Fraud Investigator Accuses General Electric of Hiding $38-Billion in Liabilities. GE Says the Accusation Is A Fraud to Game Stock Prices

August 21, 2019 in News, Video by RBN

Fraud investigator, Harry Markopolos, Youtube
Harry Markopolos, the man who blew the whistle on swindler Bernie Madoff, says General Electric’s financial statements are a “bigger fraud than Enron”. His report indicates that GE is locked into $38-billion in future expenses that it has not disclosed, which is over 40% of the company’s market capitalization. GE’s long-term insurance investments are paying out $5.27 in claims for every $1 collected in premiums. He says GE’s debt-to-equity ratio is, not 3:1, but 17:1. The company says Markopolos did not have access to the books, and the report, itself, is fraud because it was designed to plunge the price of GE stock so insiders could buy cheap and sell high later. GE stocks fell by 11% on the news. [There may be truth on both sides.] -GEG

Chief Executive Officer Larry Culp said Markopolos’ 175-page report contained factual errors and constituted “market manipulation – pure and simple,” because Markopolos stood to profit from short-selling tied to its release.

Short sales, or bets that a share price will fall, have risen 17% in GE stock over the past month to 110 million shares worth about $995 million before the report came out Thursday, said Matthew Unterman, a director at S3 Partners, a financial analytics firm in New York.

In the report www.gefraud.com, Markopolos accused GE of hiding $38 billion in potential losses and asserted that the company’s cash and debt positions were far worse than it had disclosed.

“GE’s true debt to equity ratio is 17:1, not 3:1, which will undermine its credit status,” Markopolos said.

The report also says GE is insolvent and asserts that its industrial units have a working capital deficit of $20 billion.

“He is selectively front-running widely reported regulatory processes and rigorous investigations without the benefit of any access to GE’s books and records,” GE board member and audit committee chair Leslie Seidman said in a statement, referring to Markopolos.
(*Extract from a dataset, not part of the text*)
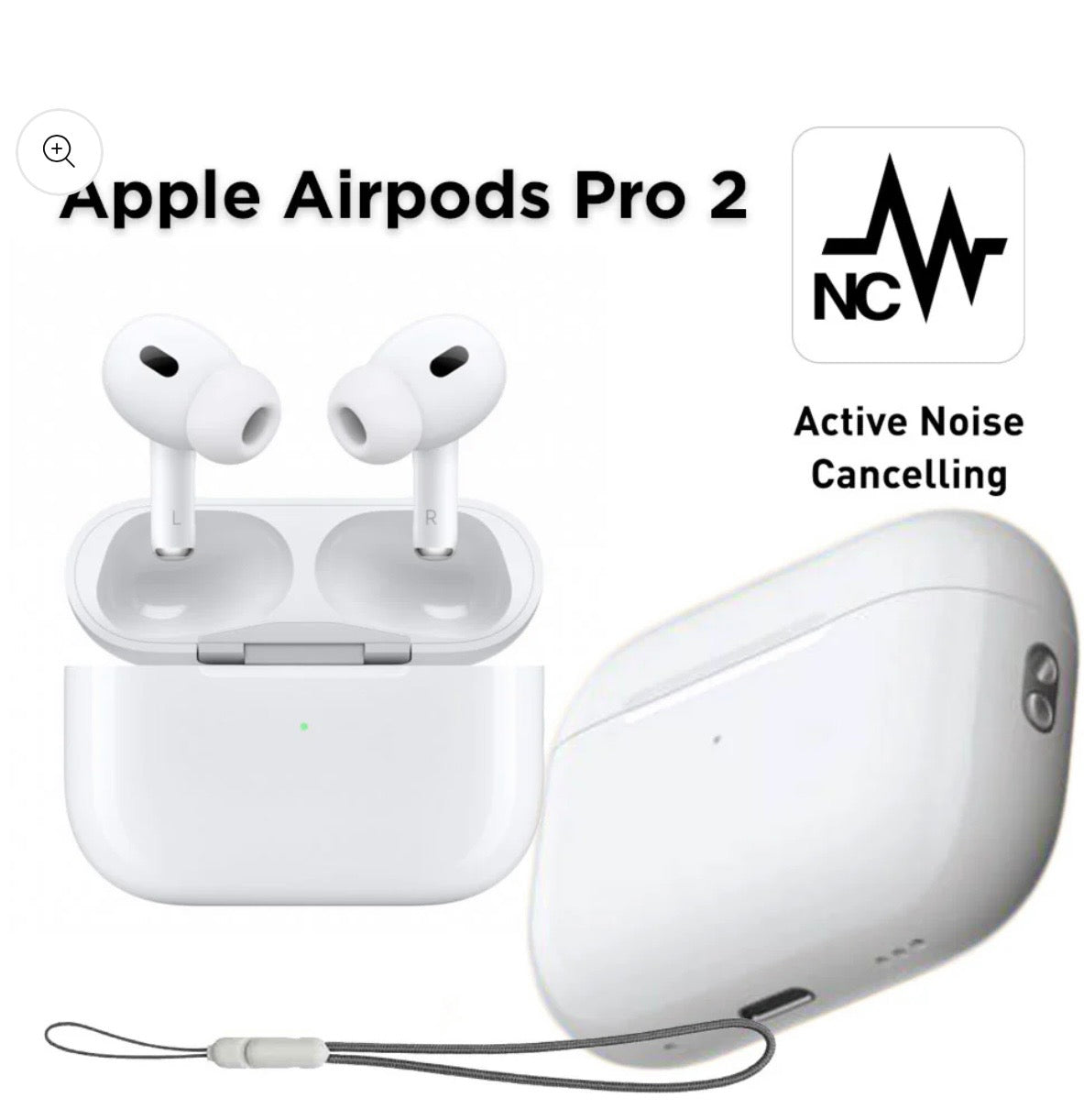 Pro 2 Wireless Bluetooth Earbuds – True Wireless Stereo, Noise Cancelling, 24H Battery with Fast Charging Case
While investors sent GE shares sharply lower, the report echoes the assertions of some of Wall Street’s more skeptical analysts, who have long raised alarms about GE’s low cash flow, frequent accounting charges and writedowns, and what they describe as opaque financial reports.

Culp, the first outside leader of the company who took over in October, has made no secret of its woes.
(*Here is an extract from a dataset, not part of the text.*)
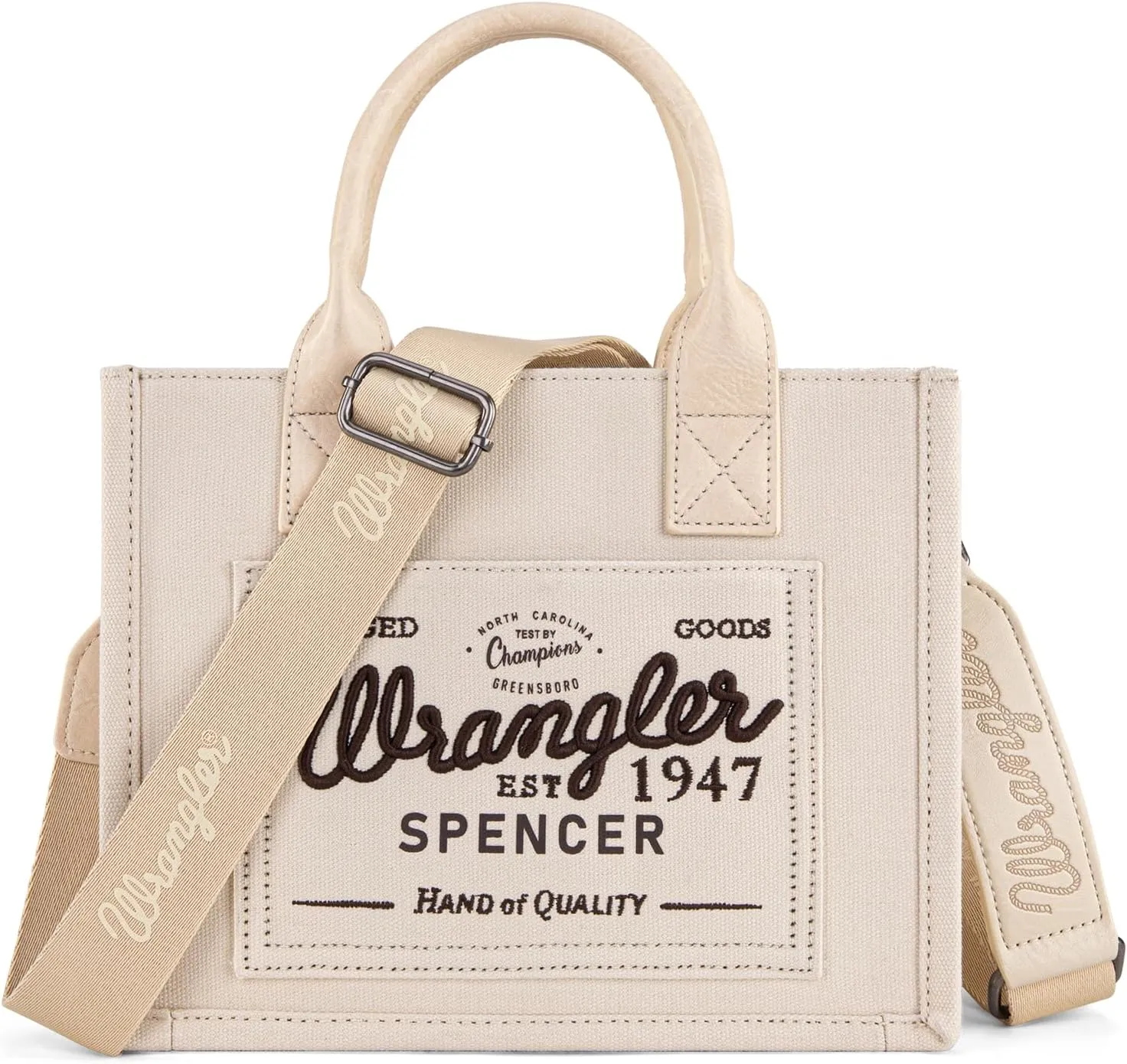 Montana West Wrangler Tote Bag for Women Retro Canvas Top Handle Purses and Handbags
The industrial businesses have seen a $2.2 billion cash outflow so far this year, and Culp said last month that GE may incur cash costs of $1.4 billion this year from the grounding of Boeing Co’s (BA.N) 737 MAX jetliner. GE makes engines for the jet through a joint venture with Safran SA (SAF.PA) of France.

The report alleges that GE faces $38 billion in future expenses that it has not disclosed. “GE’s $38 billion in accounting fraud amounts to over 40% of GE’s market capitalization, making it far more serious than either the Enron or WorldCom accounting frauds,” the report says.
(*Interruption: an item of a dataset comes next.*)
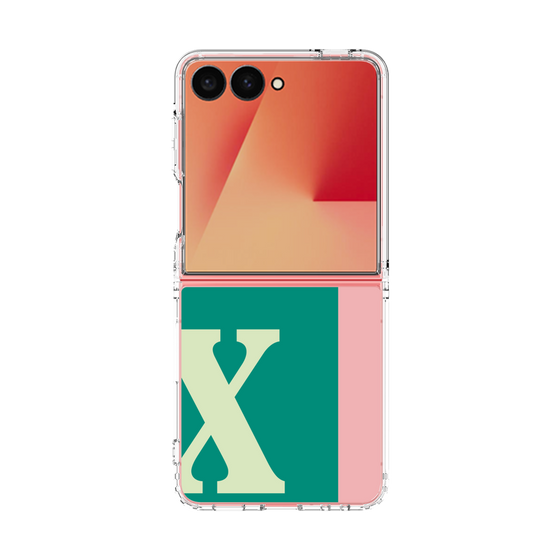 クリアケース［ オリジナル - initial color line - X green ］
In a statement GE said, “We remain focused on running our business every day and … will not be distracted by this type of meritless, misguided and self-serving speculation.”

GE said it “stands behind its financials” and operates to the “highest-level of integrity” in its financial reporting.

It also said Markopolos was known to work for unnamed hedge funds that typically benefit from short-selling a company’s stock.